It’s hard to miss Josh Allen. Physically, the Wyoming quarterback and NFL hopeful towered above his Senior Bowl peers at the position at 6-foot-4, 237 pounds
And his arm — like a howitzer attached to a torso.
From North practice, courtesy @ZebraTechnology – tracking players this week:
Fastest Throw = Josh Allen – 66.14 MPH
Longest Throw = Tanner Lee – 54.7 yards
Highest Rotations Per Minute = Luke Falk 721.6 RPM
Most Throws = Luke Falk 112 throws pic.twitter.com/Lo0ZjEBZYT
— Reese’s Senior Bowl (@seniorbowl) January 24, 2018
“Yeah, he’s got a cannon. Yeah, 100 percent,” fellow quarterback prospect Sam Darnold told Big Al and DMac on radio row at Super Bowl 52.

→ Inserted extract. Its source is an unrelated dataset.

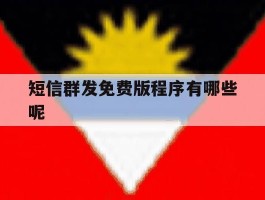 短信群发免费版程序有哪些呢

Darnold, who’s training with Allen leading up to the NFL draft, said he doesn’t know exactly how hard he throws, but the former Wyoming Cowboy “throws a little bit harder.”

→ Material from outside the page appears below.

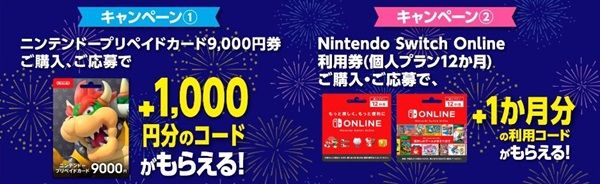 8/11まで！ローソンでニンテンドープリペイドカード9000円券を買うと1000円分追加で貰える！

Certainly, there’s little to poke holes through when arguing about Allen’s physical skill set, which Colorado State football coach Mike Bobo said was the top thing that stood out to him.
Bobo, who had the misfortune of losing to Allen and the Rams’s twice in consecutive years (including a come-from-behind effort last season), said the Cowboys quarterback ranks tops in college football in terms of his physical skills.
“I don’t think anybody in the college game has the physical skill set that he has — the arm strength, the size, he does have athletic ability, his ability to escape in the pocket,” Bobo told “Schlereth and Evans” on Thursday.
But, it’s Allen’s accuracy — or inaccuracy — that has caused concern about his prospects in the NFL.
During his two years as the Cowboys starting quarterback, Allen completed 56.2 percent of his 649 passes. His slightly better 56.3 completion percentage in 2017 was good enough for 77th in the college football.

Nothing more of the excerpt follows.